| Source information |

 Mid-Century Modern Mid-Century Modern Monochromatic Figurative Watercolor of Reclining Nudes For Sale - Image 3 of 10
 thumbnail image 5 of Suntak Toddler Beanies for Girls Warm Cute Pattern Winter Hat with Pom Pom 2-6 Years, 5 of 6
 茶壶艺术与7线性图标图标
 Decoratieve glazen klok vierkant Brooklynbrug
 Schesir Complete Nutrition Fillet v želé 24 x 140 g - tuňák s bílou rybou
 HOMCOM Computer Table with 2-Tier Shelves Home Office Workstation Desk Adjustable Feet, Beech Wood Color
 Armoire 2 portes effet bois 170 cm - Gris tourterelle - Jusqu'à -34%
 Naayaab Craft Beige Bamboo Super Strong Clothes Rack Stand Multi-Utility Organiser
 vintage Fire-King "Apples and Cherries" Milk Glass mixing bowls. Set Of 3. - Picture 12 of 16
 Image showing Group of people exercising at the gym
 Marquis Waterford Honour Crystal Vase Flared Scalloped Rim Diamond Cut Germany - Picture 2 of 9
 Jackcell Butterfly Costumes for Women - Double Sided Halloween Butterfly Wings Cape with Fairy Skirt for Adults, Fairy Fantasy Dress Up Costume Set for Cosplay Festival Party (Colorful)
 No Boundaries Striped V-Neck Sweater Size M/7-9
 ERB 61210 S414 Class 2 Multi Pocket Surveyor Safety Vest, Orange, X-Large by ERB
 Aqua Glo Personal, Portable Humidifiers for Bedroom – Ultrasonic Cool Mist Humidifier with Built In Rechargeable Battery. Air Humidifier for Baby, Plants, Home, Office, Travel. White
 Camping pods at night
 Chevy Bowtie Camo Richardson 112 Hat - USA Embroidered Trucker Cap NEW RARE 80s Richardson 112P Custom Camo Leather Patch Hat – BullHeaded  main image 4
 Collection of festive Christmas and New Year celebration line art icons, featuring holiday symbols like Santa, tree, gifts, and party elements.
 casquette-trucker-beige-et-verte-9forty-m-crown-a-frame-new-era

| Your instructions |
In the entries above, the lines from the one bearing "HOMCOM Computer Table" up to and including the one bearing "Naayaab Craft Beige" should be transcribed exactly; no other line is wanted.

| Result of the task |
 HOMCOM Computer Table with 2-Tier Shelves Home Office Workstation Desk Adjustable Feet, Beech Wood Color
 Armoire 2 portes effet bois 170 cm - Gris tourterelle - Jusqu'à -34%
 Naayaab Craft Beige Bamboo Super Strong Clothes Rack Stand Multi-Utility Organiser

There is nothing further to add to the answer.